━━━ Source material

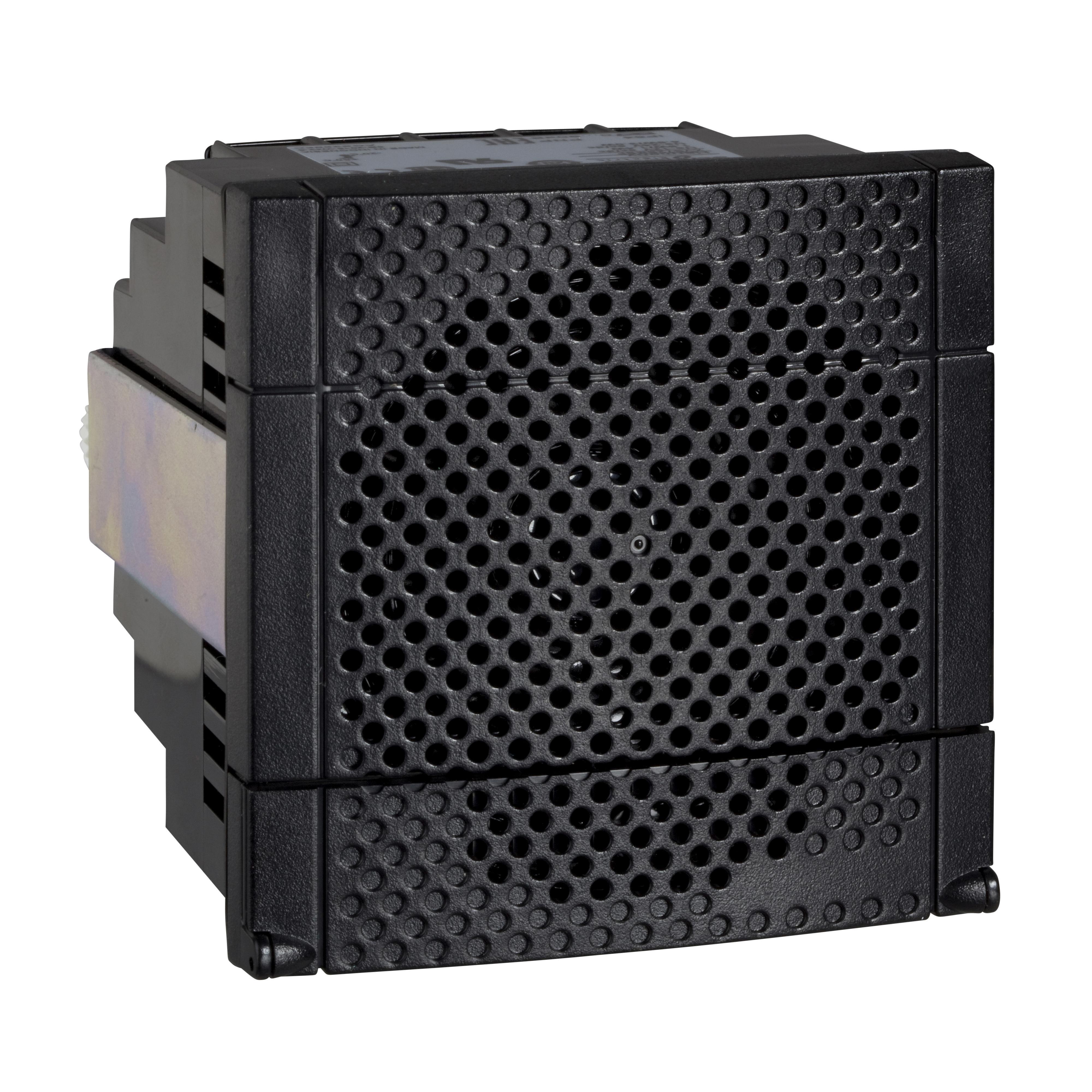 Schneider Electric XVS72BMWN Signaling Sounders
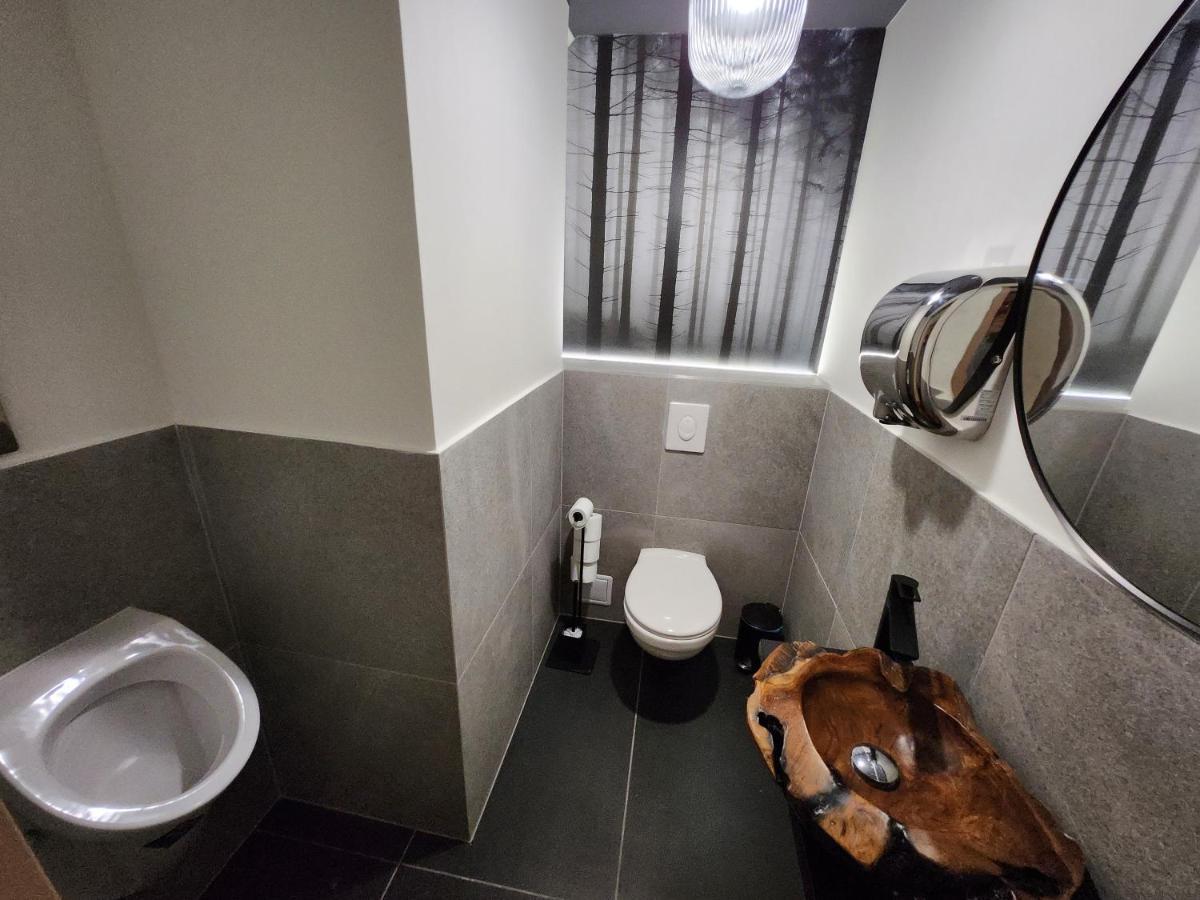 デブレツェン Apartman 18アパートホテル エクステリア 写真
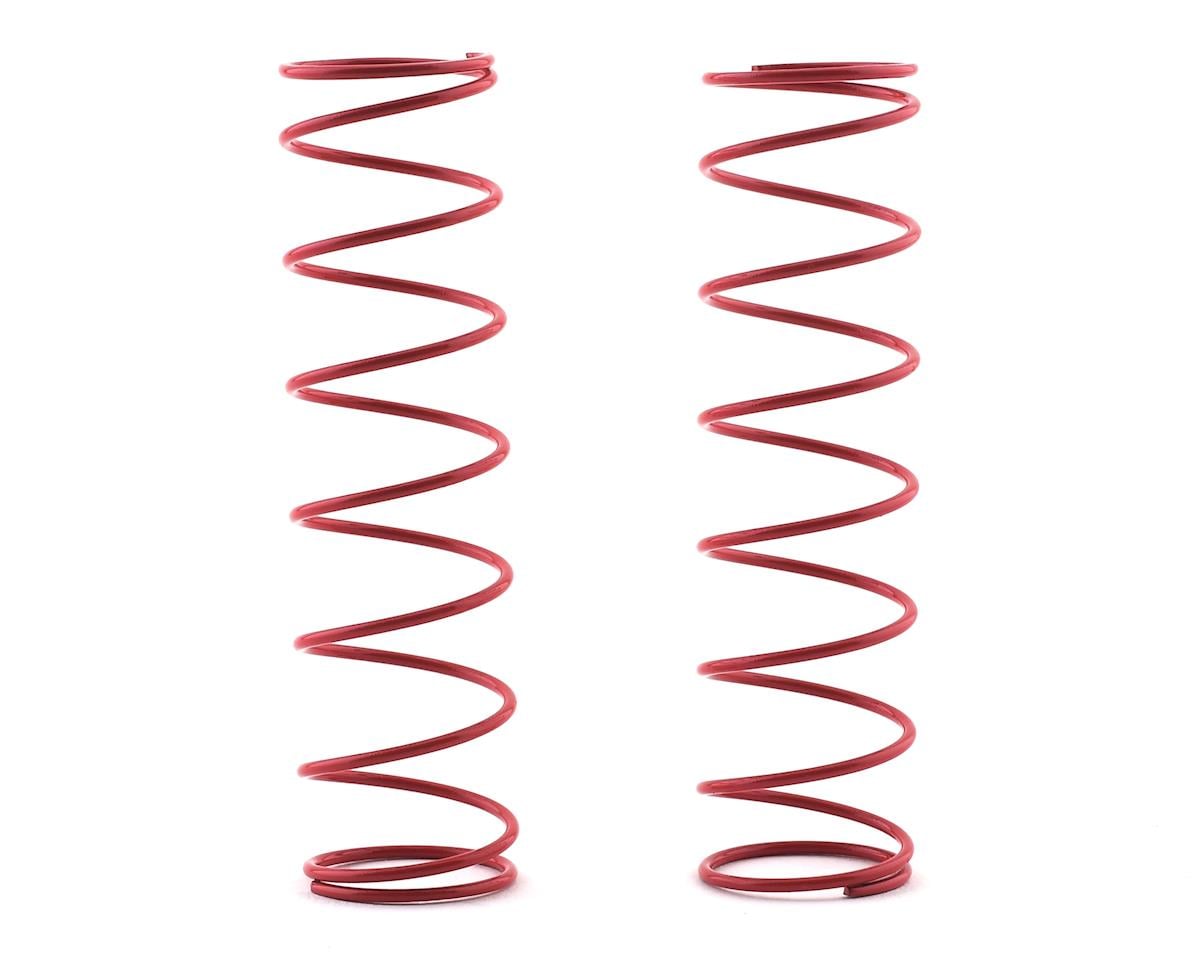 Kyosho 88mm Big Bore Shock Spring (Red) (2)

━━━━━━

▶ _What you will do_
Write every line above out again exactly; pictures do not belong in the copy.

▶ _Expected output_
 Schneider Electric XVS72BMWN Signaling Sounders
 デブレツェン Apartman 18アパートホテル エクステリア 写真
 Kyosho 88mm Big Bore Shock Spring (Red) (2)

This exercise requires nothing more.